Trong thế giới kinh doanh hiện đại, các giải pháp công nghệ đã trở thành…
Companies' Data teams face ongoing challenges in consolidating, processing, and making data useful. They deal with challenges such as a mix of ETL jobs, on-premises data warehouses with long ETL capacity limits, and growing demand from users. They also need to ensure that the downstream requirements of the ML, reporting and analysis are met with the data processing. And they need to plan for the future – how will more data be handled and how will new downstream groups be supported?
- Analyze Big Data with BigQuery and Google Sheets
- Introducing Datastream for Google BigQuery
- Optimizing BigQuery with data sources in Google Cloud VMware Engine
Why use BigQuery?
On premises data warehouses become difficult to scale so the biggest goal for most companies is to create a future system for secure, scalable and efficient data storage. cost. GCP's BigQuery is serverless, highly scalable, and cost-effective, and is a great fit for an EDW use case. It's a multi-cloud data warehouse designed for business agility. However, migrating a large, highly integrated data warehouse from an on-premise data warehouse to BigQuery not a simple conversion. You need to ensure that your downstream system doesn't crash as a result of inconsistent data set migrations, both during and after the migration. So you have to plan your move.
Data warehouse migration strategy
The following steps are typical for a successful migration:
- Evaluate and plan: Pre-scoping to plan legacy data warehouse migrations
- Define data sets, patterns, and application accessibility
- Use tools and utilities to identify unknown levels of complexity and dependencies
- Identify required application conversions and test
- Determine initial processing and storage capacity for budget forecasting and capacity planning
- Consider growth and anticipated changes during the migration period
- Formulate future state strategy and vision to guide design
- Migration: Setting up the platform GCP and start moving
- The cloud is being established, consider running centralized POCs to validate processes and data migration
- Look for automated utilities to help with any forced code migrations
- Plan to maintain data synchronization between the legacy EDW and the target for the duration of the migration. This becomes an important business process to keep the project on schedule.
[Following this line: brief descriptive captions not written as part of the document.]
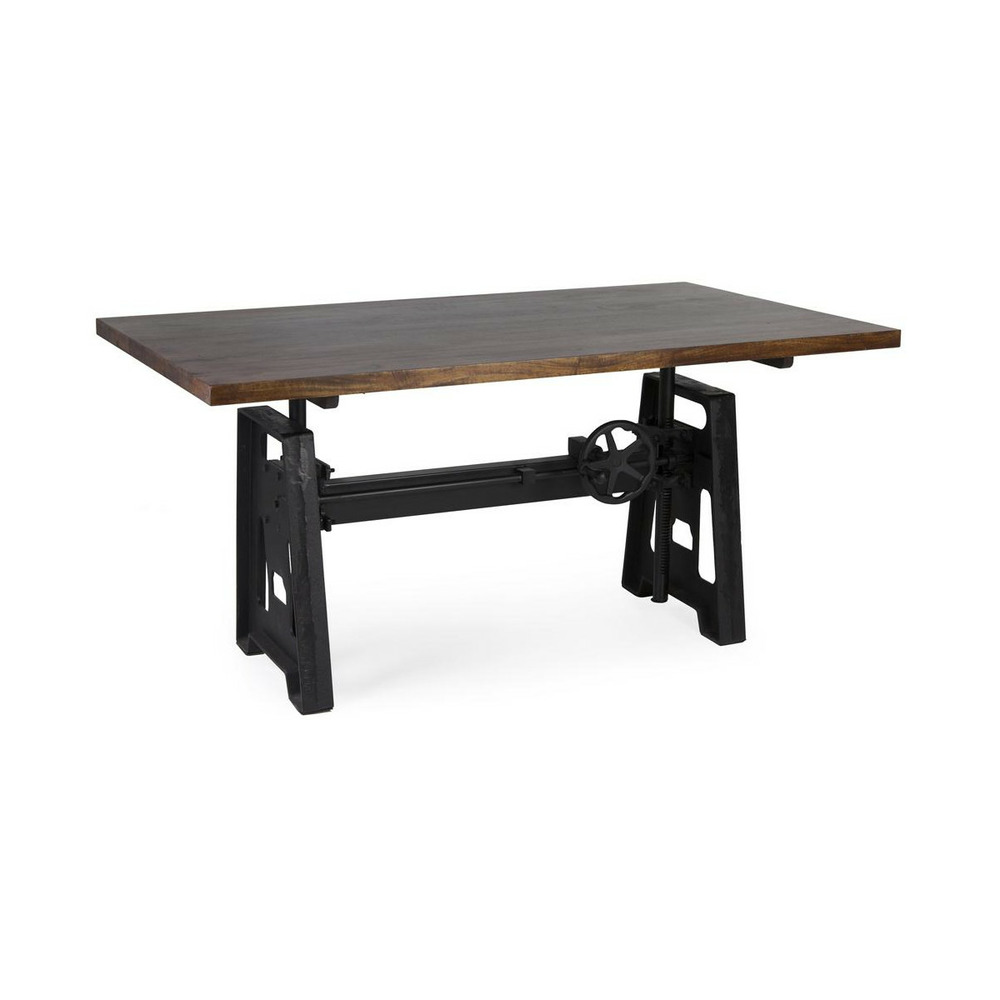 Table à manger bois metal marron 160x90x77cm - bois-métal
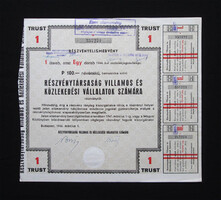 Rt. Villamos és Közlekedési Vállalatok Számára részvényelismervény 100 pengő 1946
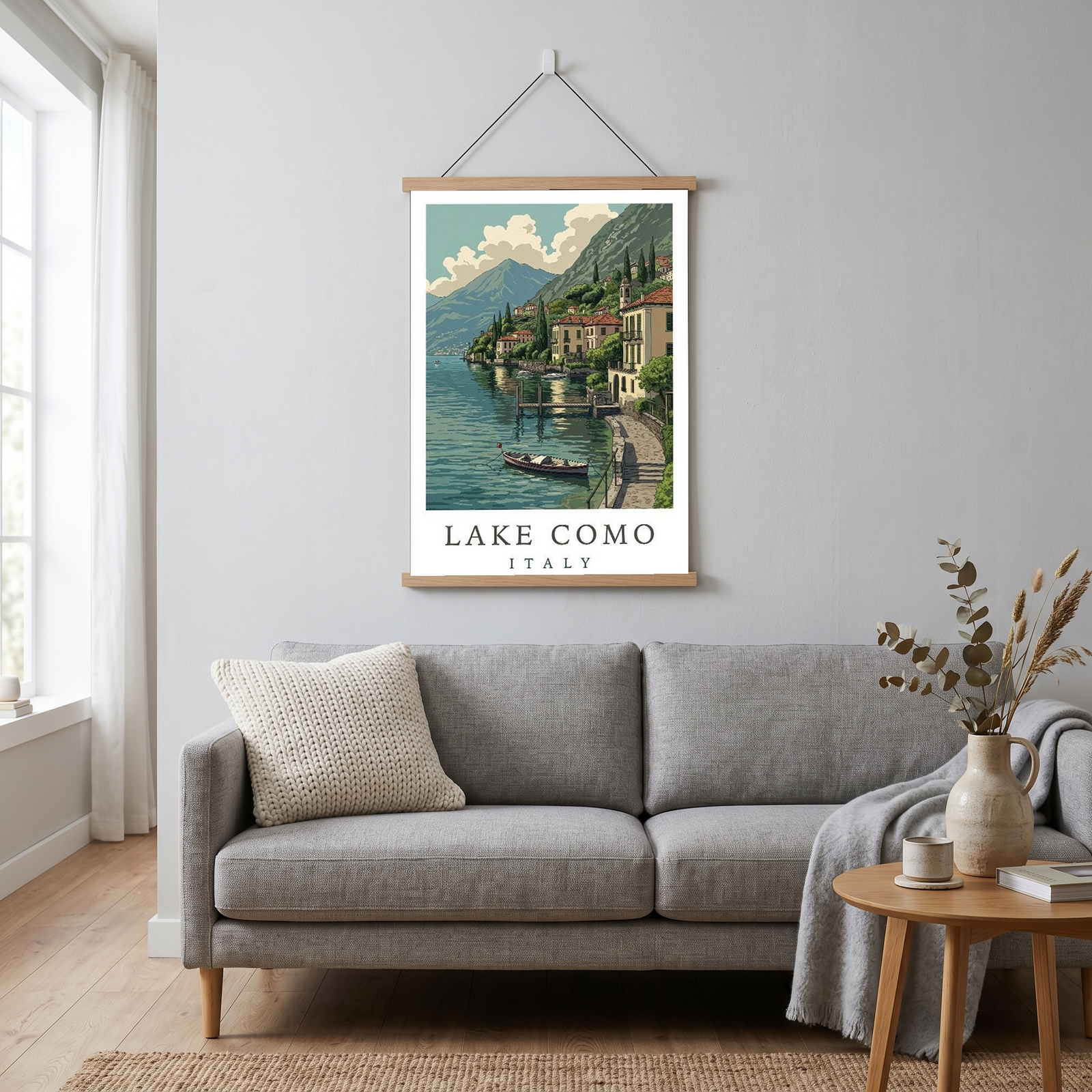 Lake Como Italy Travel Poster — Lakeside Village Boat Landscape Print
- Plans to integrate several enterprise tools to help existing teams scale both environments
- Review current data access patterns among communities of EDW users and how they map to similar controls available in Big Query.
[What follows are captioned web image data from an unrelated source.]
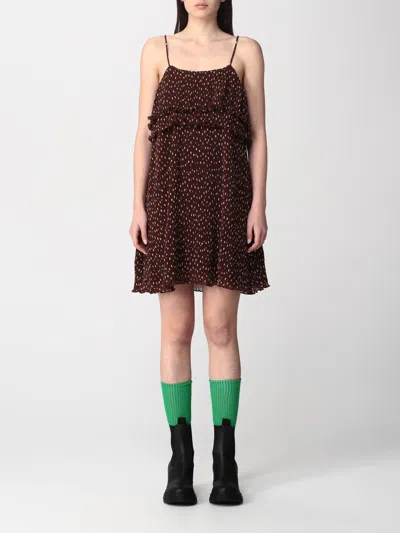 Ganni Brown Pleated Minidress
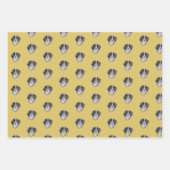 Green, Gold und White Saint Bernard Illustration Geschenkpapier Set (Vorderseite 2)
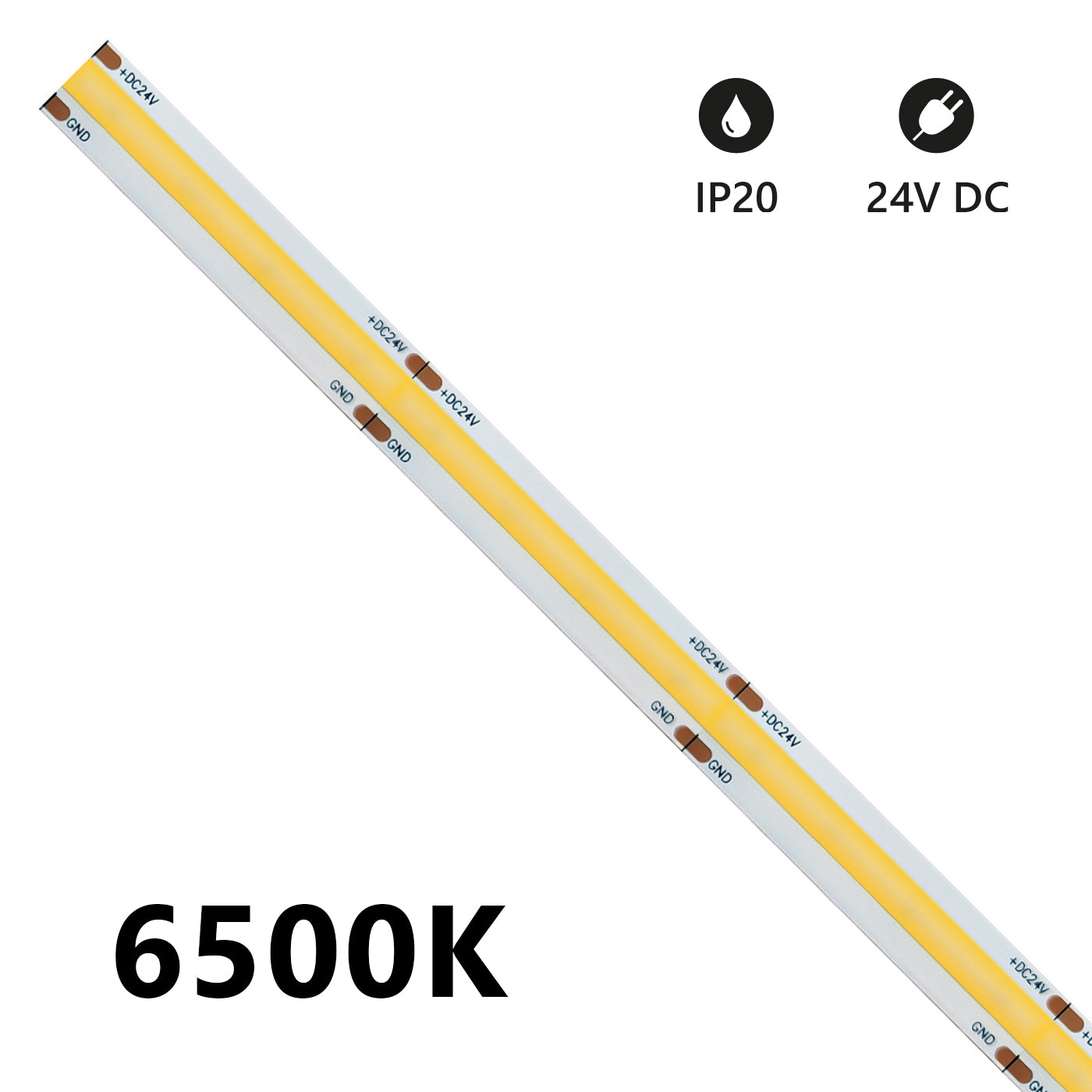 STRISCIA LED COB 5 METRI 6000K 24V 15W/m 1500lm/m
- Main scope includes code integration and data model transformation
- Expect to refine capacity forecasts and refine attribution designs. In Big Query, there are many options for balancing cost and performance to maximize business value. For example, you can use on-demand or price permanent or a combination of both.
- Evaluate and plan: Pre-scoping to plan legacy data warehouse migrations
- Validate and check
- Look for tools to enable intelligent, automated data validation
- Scope must include schema and data validation
- Ideally, solutions would allow for continuous validation from source to target system during migration
- Test complexity and duration will be driven by the number and complexity of applications using data from EDW and the rate of change of those applications
The key to a successful migration is finding Google Cloud partners who have experience migrating EDW workloads. For example, our Google Cloud partner Datametica provide services and Specialized Movement Accelerator for each of these migration phases to help plan and execute the migration more efficiently
Data Warehouse Migration: Things to Consider
- Financial benefits of open source: Target moves to 'Open Source' where no services have license fees. For example: BigQuery use standard SQL; Cloud Composer managed by Apache Airflow, . based on Apache Beam. Considering this as managed services provides the financial benefits of open source, but avoids the burden of maintaining open source platforms internally.
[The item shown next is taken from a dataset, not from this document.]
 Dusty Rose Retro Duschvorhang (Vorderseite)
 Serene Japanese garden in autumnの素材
- Serverless: Migrate to “serverless” big data services. The majority of services used in the proposed GCP data architecture scale on demand allowing for more cost-effective aligning with demand. Using fully managed services allows you to focus your engineering time on business process priorities, not building and maintaining infrastructure.
- Efficiency of a unified platform: Bất kỳ quá trình di chuyển kho dữ liệu nào cũng liên quan đến việc tích hợp với các dịch vụ xung quanh EDW để nhập và xử lý trước dữ liệu và phân tích nâng cao trên dữ liệu được lưu trữ trong EDW để tối đa hóa giá trị kinh doanh. Một nhà cung cấp đám mây như GCP cung cấp toàn bộ các dịch vụ ‘dữ liệu lớn’ được tích hợp và quản lý bằng tích hợp machine learning. Điều này có thể làm giảm đáng kể TCO dài hạn bằng cách tăng cả hiệu quả hoạt động và chi phí khi so sánh với các giải pháp điểm cụ thể EDW.
- Establish a solid cloud foundation: From the beginning, take the time to design a secure platform that will serve the business and technical needs of the next workload. Key features include: Scalable Resource Hierarchy, Multi-layered Security, multi-tier networking and data center strategy, and automation using Infrastructure as code. Also allows time to integrate cloud-based services into existing enterprise systems such as CI/CD pipelines, monitoring, alerting, logging, process scheduling, and service request management service.
- Unlimited capacity expansion: Moving to the cloud sounds like a big step, but really think of it as adding more data centers to your teams. Of course, these data centers offer many new services that are difficult to develop in-house and offer virtually unlimited scalability with minimal upfront financial commitment. .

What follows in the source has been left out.